Update (02/23): It seems as though George Huguely will spend the next 24 years behind bars in a Virginia state prison. Late Wednesday, a Charlottesville jury found the Chevy Chase native guilty of second-degree murder in the death of his on again, off again, girlfriend, Yeardley Love. Huguely broke into her apartment and battered her in a drunken rage in May 2010,  and left her bleeding on her pillow. Both were 22 and days away from graduating from the University of Virginia. The jury took three hours to sentence Huguely to 26 years. He has already been jailed for two, and Virginia does not allow parole, so it’s likely he will serve 24 more.

What has become known as the “lacrosse murder,” since both Huguely and Love played for the university’s championship teams, is a tragedy for both families, their friends, and the university. But there’s plenty of guilt weaved in amid the sadness. Keep in mind that on the Sunday before he smashed through Yeardley Love’s door, George V spent the entire day drinking—starting with beer in the morning, then wine at dinner, and more beer into the night. Who was by his side from breakfast through drunken swings at golf balls and that wine at dinner? His father, George Huguely IV. Not one of the teammates or roommates who testified in court mentioned the father admonishing the son. George V was unrestrained—by his father, his friends, his university.

See Also:

George Huguely and Yeardley Love: Love, Death, and Lacrosse

We often liken heart-wrenching tales such as this to Greek tragedies or Shakespearean dramas, but the Huguely story is a truly American tragedy, especially from the perspective of Chevy Chase, Maryland, where I spent months researching a feature for last May’s The Washingtonian.

The Huguely family left Ireland for Washington, DC, in the early 1900s. They settled into the capital city and started selling lumber with the Gallihers, another family of Irish immigrants, in 1916. Lumber from their yards helped build homes and buildings in the burgeoning capital city. The business grew with the city, and the families thrived. Successive generations of Huguelys worked hard and invested well. They went to the best private schools, such as Sidwell Friends and Landon, and the best colleges, such as the University of Pennsylvania and UVA.

Then came George Huguely IV, the father of the young man accused of murder. George IV didn’t go to a great college and didn’t join the family business. His reputation in Washington was that of a party boy. Friends and acquaintances knew him from the bars where he spent his evenings. His marriage to Huguely’s mother, Marta, ended in a nasty divorce. I was able to read the records before they were sealed. In court filings, George IV described himself as broke and said he supported his lavish lifestyle with million-dollar loans from his father, George III, and by liquidating a $450,000 trust left by his grandfather, George Jr.

Marta and George IV fought over custody of George V and his younger sister, Teran. A judge had to order them to not communicate with the children in earshot. George IV agreed to alimony in the divorce settlement, but Marta had to take him to court to force him to pay.

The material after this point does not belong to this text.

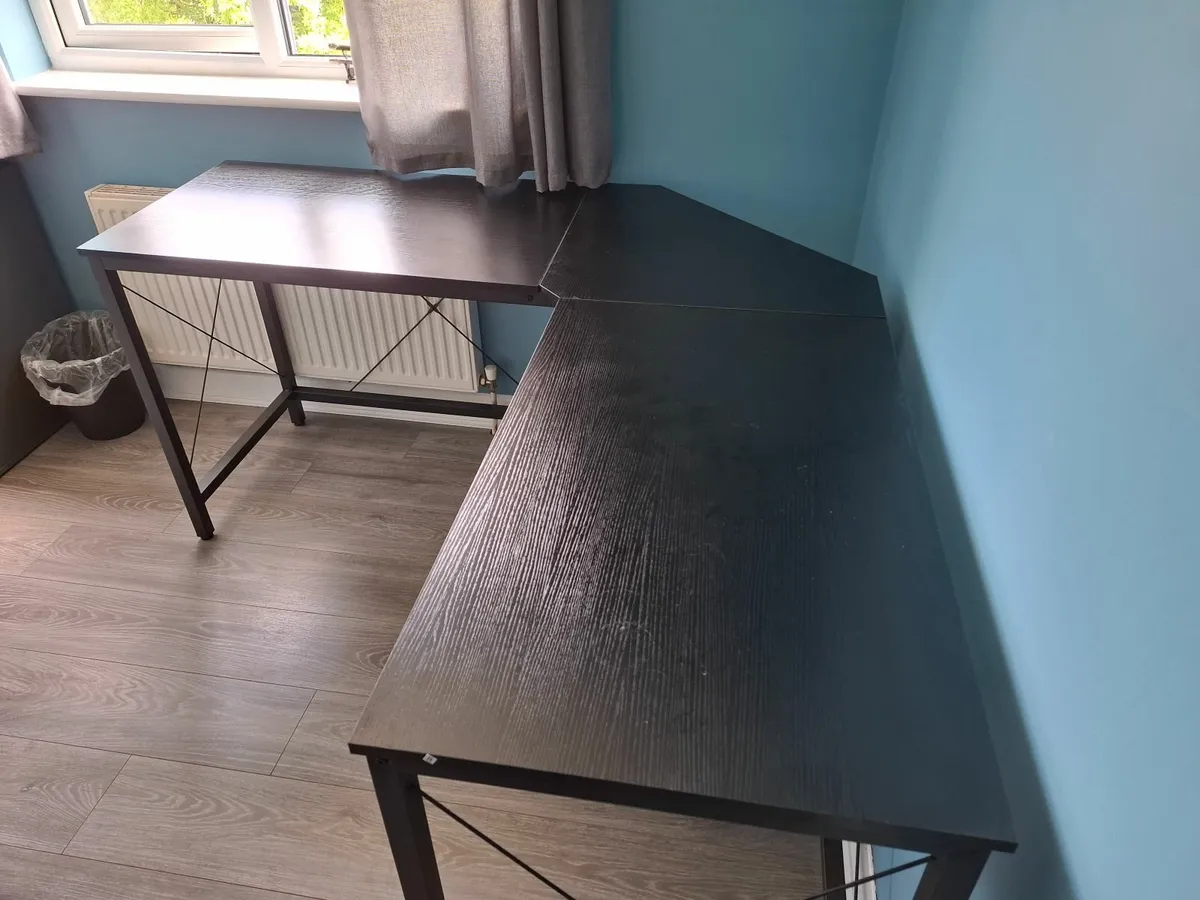 Corner Desk - Image 3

As George V excelled in sports at Landon, an elite private school for boys in Bethesda, and then at the University of Virginia, his father tried to be one of the boys. He went drinking with young George and his buddies. He entertained them on booze-filled trips on his yacht, the Reel Deal. He hung out with them in Charlottesville.

As George V began to drink more beer and play less lacrosse, his father never ordered him to put on the brakes, according to friends of both. Even when George V was arrested in Lexington, Virginia, in 2008 for drunken behavior and resisting arrest, he suffered few consequences from his father.

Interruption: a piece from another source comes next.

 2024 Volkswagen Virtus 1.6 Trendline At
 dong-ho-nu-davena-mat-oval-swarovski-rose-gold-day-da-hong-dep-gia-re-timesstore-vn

Why was Huguely allowed to continue playing lacrosse when the team had a rule that drinking and getting arrested must be reported and might result in suspension? Because reporting such events was left to the players, which allowed the coach to look the other way.

Why did the Lexington arrest not get reported to UVA? Because privacy rules prevented sharing of information.

Why did Huguely’s friends and teammates fail to intervene, even when they knew he had assaulted Love in February, weeks before he broke into her room? Why did Love’s friends allow her to suffer the abuse? 

What about Love’s mother, Sharon? Love went home to Cockeysville, Maryland, outside of Baltimore, after Huguely assaulted and choked her in February of 2010. Her mother comforted her but declined to report the attack. What if she had?

In reaction to Love’s death, the university has implored students to intervene to stop drunken or abusive behavior; Virginia has tried to allow police departments to share information; and the athletic department has stiffened requirements for reporting misbehavior. All good intentions.

George Huguely V and Yeardley Love could have been saved from this tragedy if just one person—a parent, a friend, a cop—had had the moral fiber and guts to say no to George. That’s a tragedy.